Task to carry out
All the data beneath this line is to be reproduced exactly.

Records from a data source
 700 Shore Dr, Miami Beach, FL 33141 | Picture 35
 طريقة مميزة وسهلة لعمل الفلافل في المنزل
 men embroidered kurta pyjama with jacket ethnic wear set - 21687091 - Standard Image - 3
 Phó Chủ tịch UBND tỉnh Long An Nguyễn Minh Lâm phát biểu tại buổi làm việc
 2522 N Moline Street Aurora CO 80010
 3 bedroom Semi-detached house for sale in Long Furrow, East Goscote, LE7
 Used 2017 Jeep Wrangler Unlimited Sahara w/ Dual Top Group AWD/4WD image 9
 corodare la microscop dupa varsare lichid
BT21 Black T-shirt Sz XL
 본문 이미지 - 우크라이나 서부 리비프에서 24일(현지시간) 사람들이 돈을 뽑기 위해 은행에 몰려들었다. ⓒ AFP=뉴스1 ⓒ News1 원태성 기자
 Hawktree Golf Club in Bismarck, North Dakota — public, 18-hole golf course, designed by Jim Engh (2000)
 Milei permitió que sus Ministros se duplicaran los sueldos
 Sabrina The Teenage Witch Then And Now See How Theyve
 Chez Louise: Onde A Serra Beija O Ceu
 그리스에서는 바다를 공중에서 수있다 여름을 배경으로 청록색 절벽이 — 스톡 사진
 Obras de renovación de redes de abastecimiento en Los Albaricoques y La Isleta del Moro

Solution for this exercise
 700 Shore Dr, Miami Beach, FL 33141 | Picture 35
 طريقة مميزة وسهلة لعمل الفلافل في المنزل
 men embroidered kurta pyjama with jacket ethnic wear set - 21687091 - Standard Image - 3
 Phó Chủ tịch UBND tỉnh Long An Nguyễn Minh Lâm phát biểu tại buổi làm việc
 2522 N Moline Street Aurora CO 80010
 3 bedroom Semi-detached house for sale in Long Furrow, East Goscote, LE7
 Used 2017 Jeep Wrangler Unlimited Sahara w/ Dual Top Group AWD/4WD image 9
 corodare la microscop dupa varsare lichid
BT21 Black T-shirt Sz XL
 본문 이미지 - 우크라이나 서부 리비프에서 24일(현지시간) 사람들이 돈을 뽑기 위해 은행에 몰려들었다. ⓒ AFP=뉴스1 ⓒ News1 원태성 기자
 Hawktree Golf Club in Bismarck, North Dakota — public, 18-hole golf course, designed by Jim Engh (2000)
 Milei permitió que sus Ministros se duplicaran los sueldos
 Sabrina The Teenage Witch Then And Now See How Theyve
 Chez Louise: Onde A Serra Beija O Ceu
 그리스에서는 바다를 공중에서 수있다 여름을 배경으로 청록색 절벽이 — 스톡 사진
 Obras de renovación de redes de abastecimiento en Los Albaricoques y La Isleta del Moro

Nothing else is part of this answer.